### What needs to be done
The answer should be the records below, word for word, with every image left out.

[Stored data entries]
══════════

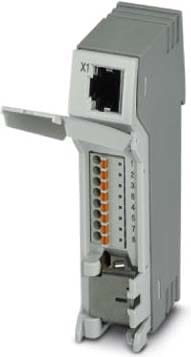 PHOENIX CONTACT - PHC2703018 PP-RJ-SCC PATCH PANEL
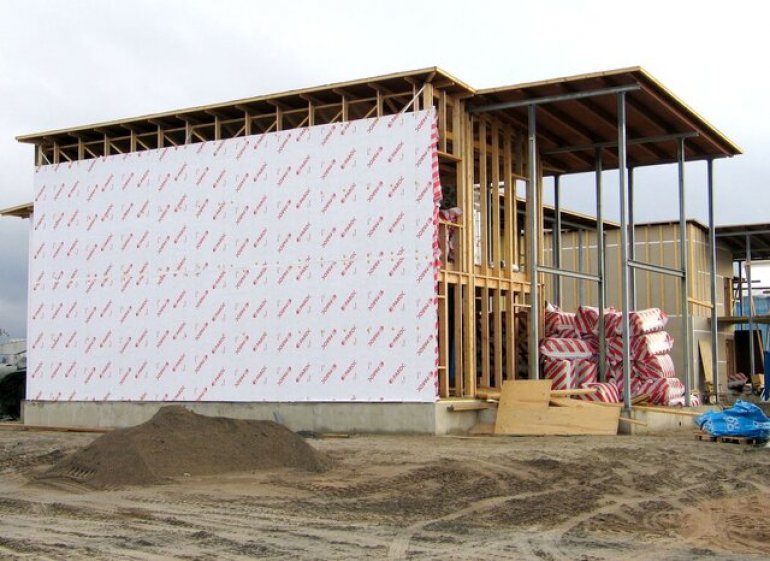 Poradnik architekta – jak projektować fasady wentylowane w budynkach?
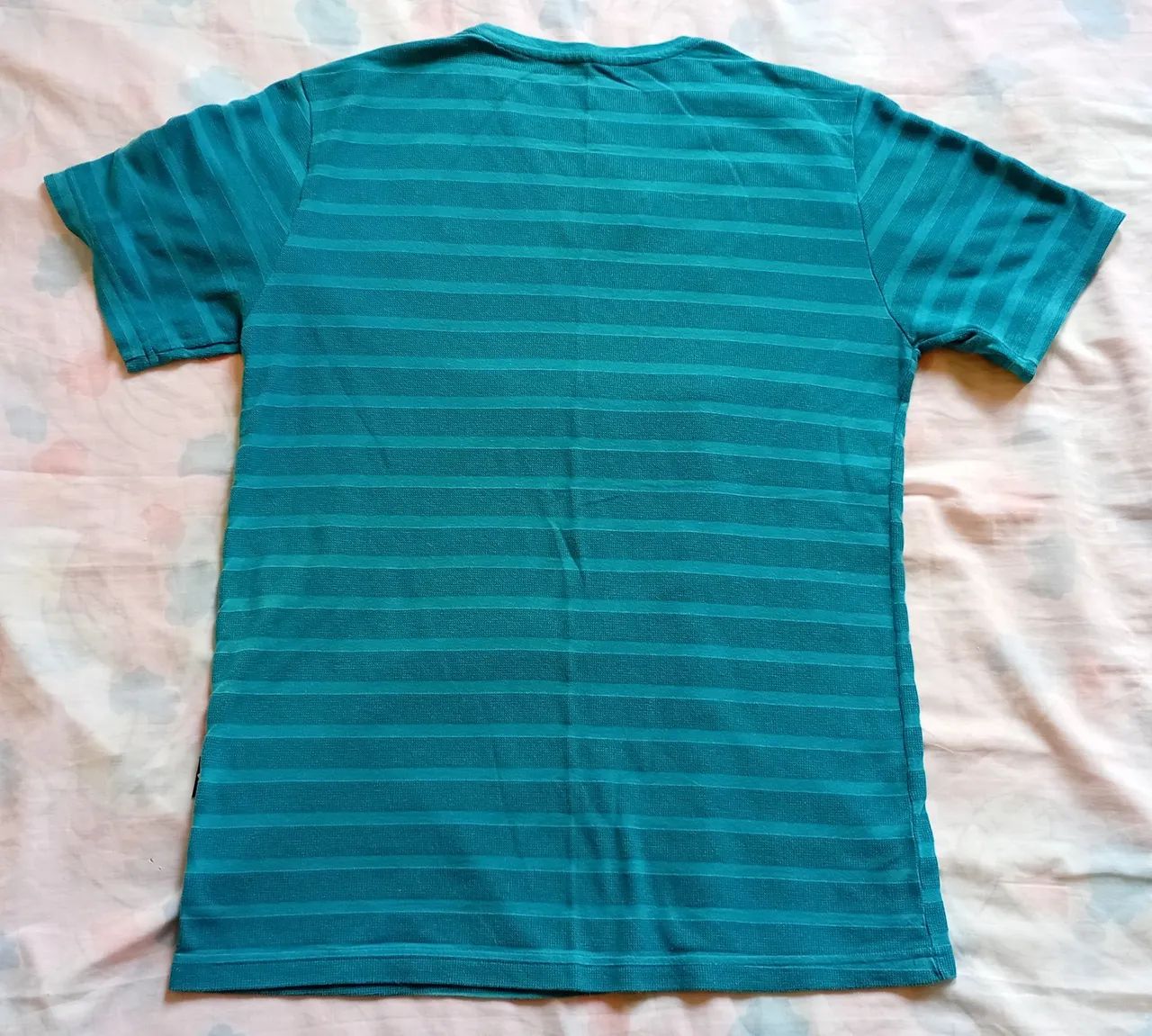 [A VENDA] Camisa masculina seminova - Foto 3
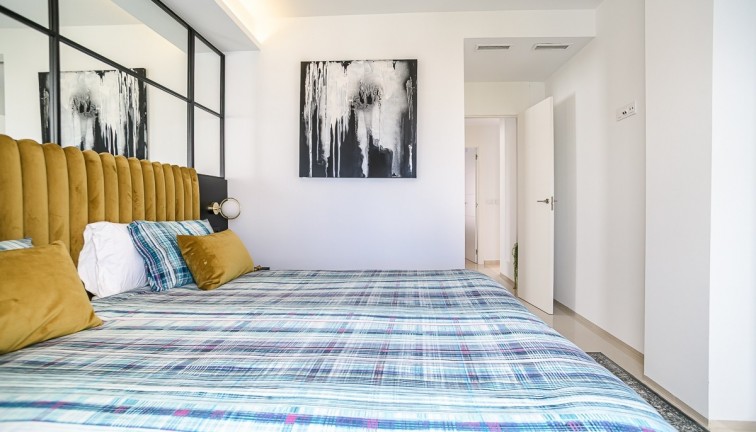 Resale - Chalet - Ciudad quesada - Ciudad Quesada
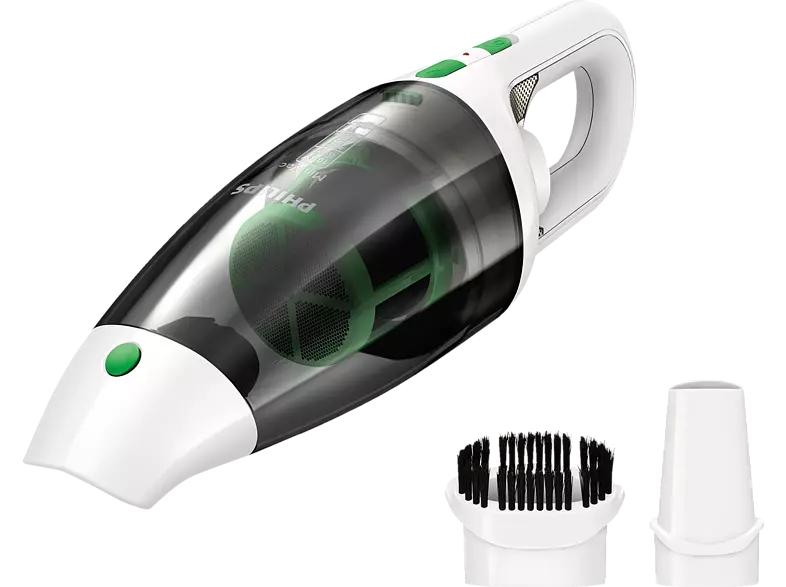 Saturn Christinendorf - FC 6148 MiniVac Eco Akkusauger ohne Stiel FC 6148 MiniVac Eco Akkusauger ohne Stiel Angebot bei Saturn Christinendorf im Prospekt EINEN MONAT BLACK FRIDAY FEIERN
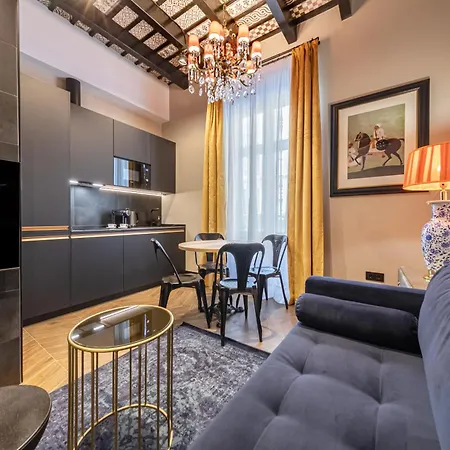 Apartment U-nique Santa Clara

══════════

### Task result
 PHOENIX CONTACT - PHC2703018 PP-RJ-SCC PATCH PANEL
 Poradnik architekta – jak projektować fasady wentylowane w budynkach?
 [A VENDA] Camisa masculina seminova - Foto 3
 Resale - Chalet - Ciudad quesada - Ciudad Quesada
 Saturn Christinendorf - FC 6148 MiniVac Eco Akkusauger ohne Stiel FC 6148 MiniVac Eco Akkusauger ohne Stiel Angebot bei Saturn Christinendorf im Prospekt EINEN MONAT BLACK FRIDAY FEIERN
 Apartment U-nique Santa Clara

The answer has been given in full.